Stress granules safeguard against MAPK signaling hyperactivation by sequestering PKC/Pck2: new findings and perspectives.

Abstract

Stress granule (SG) assembly is a conserved cellular strategy that copes with stress-related damage and promotes cell survival. SGs form through a process of liquid-liquid phase separation. Cellular signaling also appears to employ SG assembly as a mechanism for controlling cell survival and cell death by spatial compartmentalization of signal-transducing factors.
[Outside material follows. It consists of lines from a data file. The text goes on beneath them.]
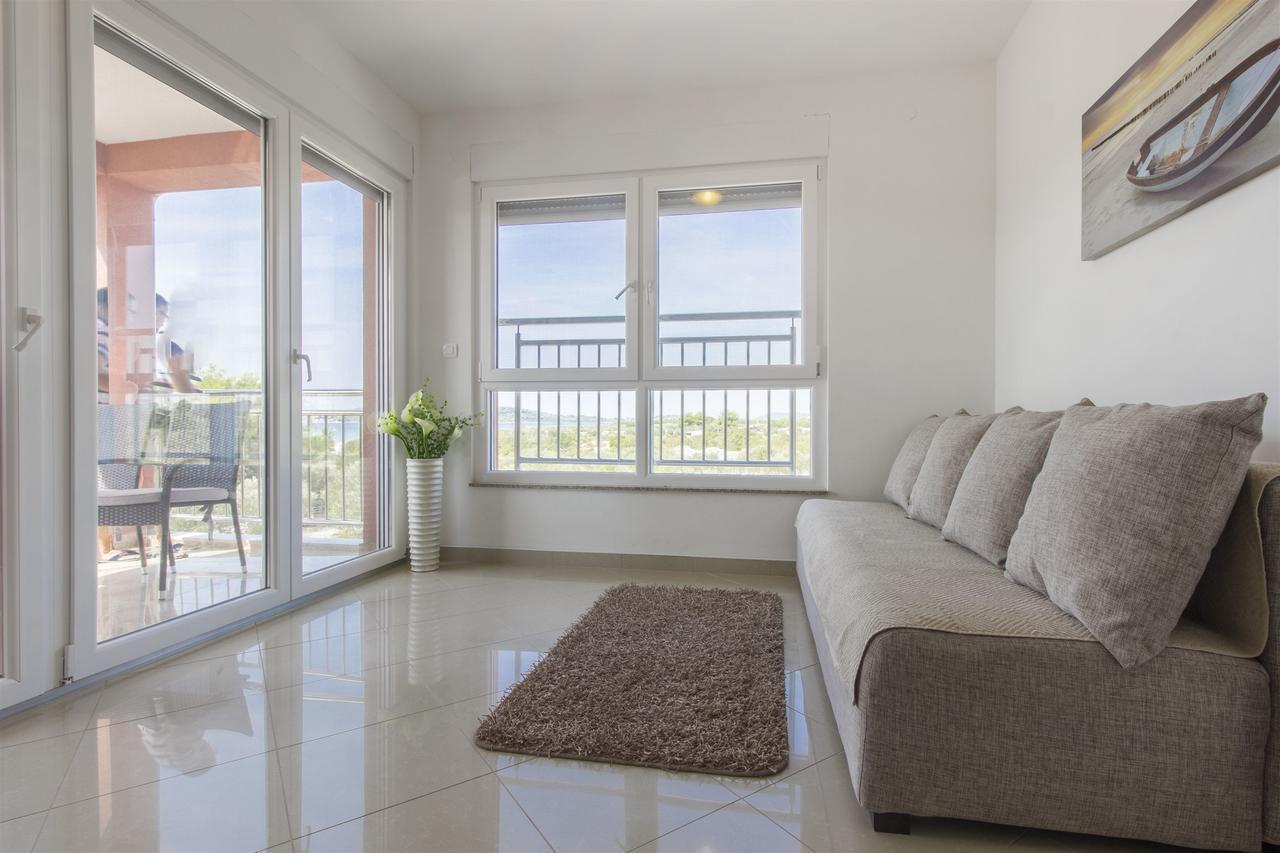 Apartments Lenija Ядрія Екстер'єр фото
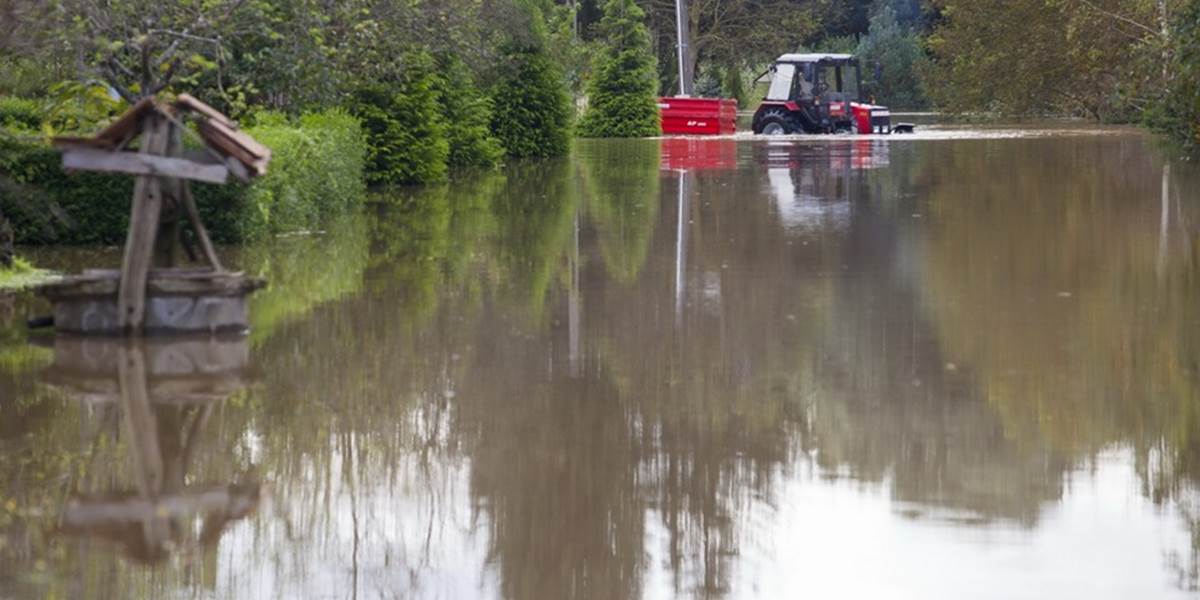 Záplavy na východe Srbska majú jednu obeť a troch nezvestných
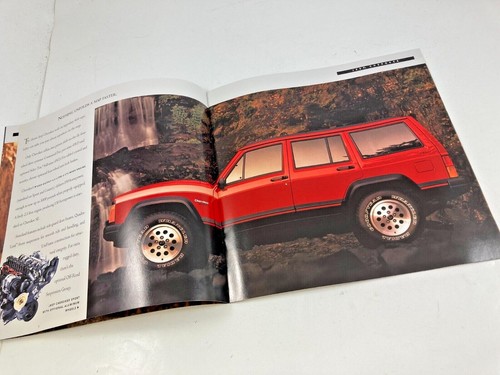1994 Jeep ~ New Car Sales Brochure ~ Nice Condition ~ Wrangler Grand Cherokee - Picture 4 of 6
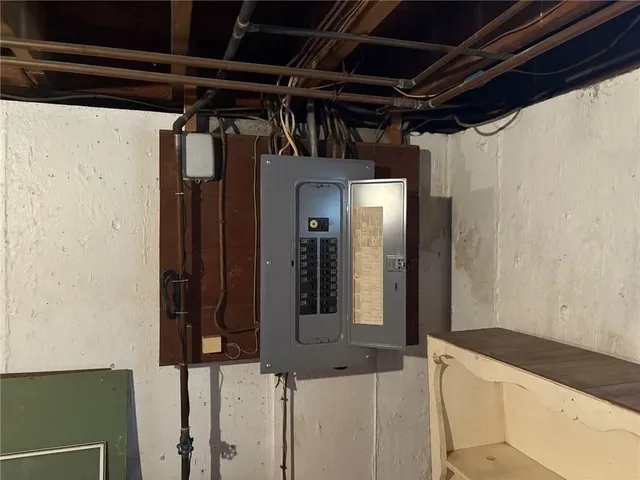 $599,900 | 10 Jesse Davis Lane, Barrington, RI 02806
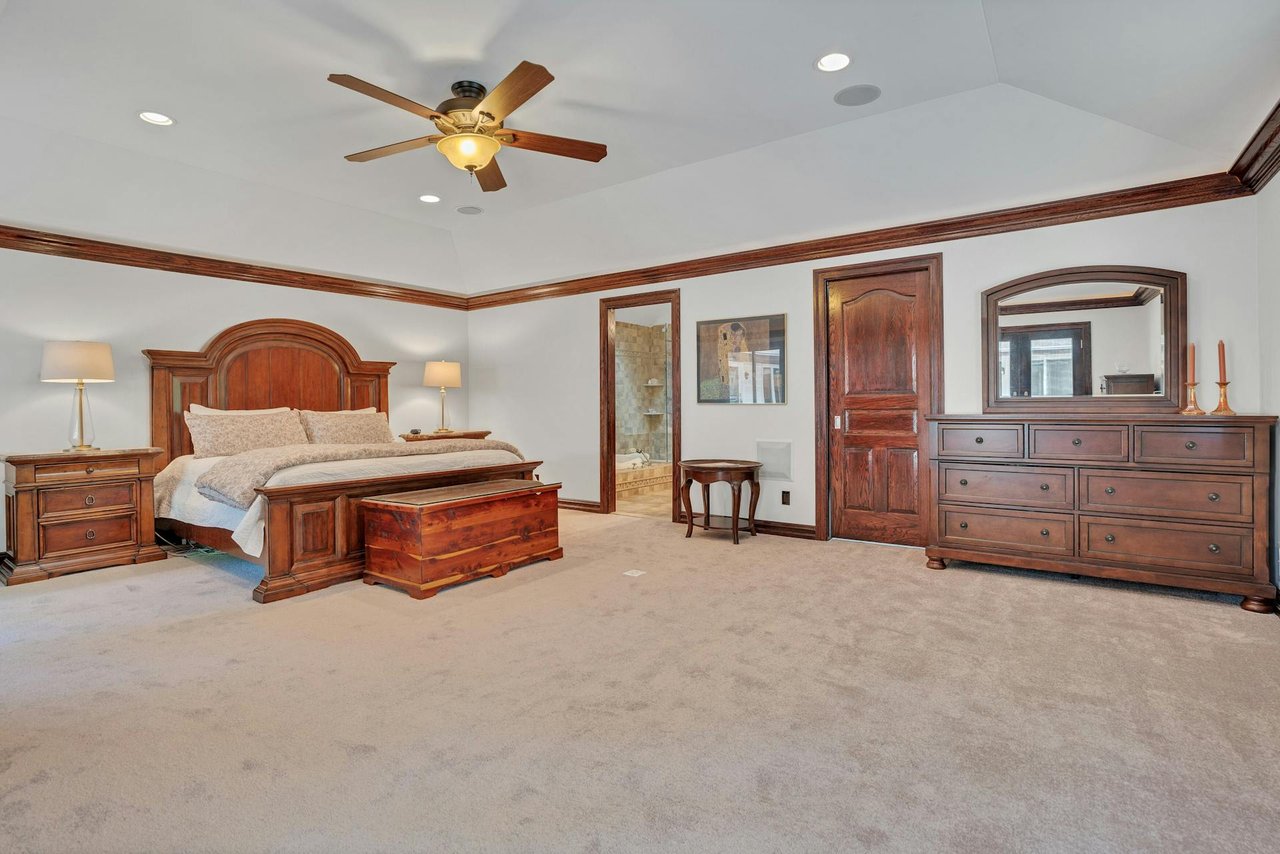 5 Charlotte Court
While several lines of evidence highlight the importance of SGs as signaling hubs, where protein components of signaling pathways can be temporarily sequestered, shielded from the cytoplasm, the regulation and physiological significance of SGs in this aspect remain largely obscure. A recent study of the heat-shock response in the fission yeast Schizosaaccharomyces pombe provides an unexpected answer to this question. Recently, we demonstrated that the PKC orthologue Pck2 in fission yeast translocates into SGs through phase separation in a PKC kinase activity-dependent manner upon high-heat stress (HHS). Importantly, the downstream MAPK Pmk1 promotes Pck2 recruitment into SGs, which intercepts MAPK hyperactivation and cell death, thus posing SGs as a negative feedback circuit in controlling MAPK signaling. Intriguingly, HHS, but not modest-heat stress targets Pck2 to SGs, independent of canonical SG machinery. Finally, cells fail to activate MAPK signaling when Pck2 is sequestrated into SGs. In this review, we will discuss how SGs have a role as signaling hubs beyond serving as a repository for non-translated mRNAs during acute stress.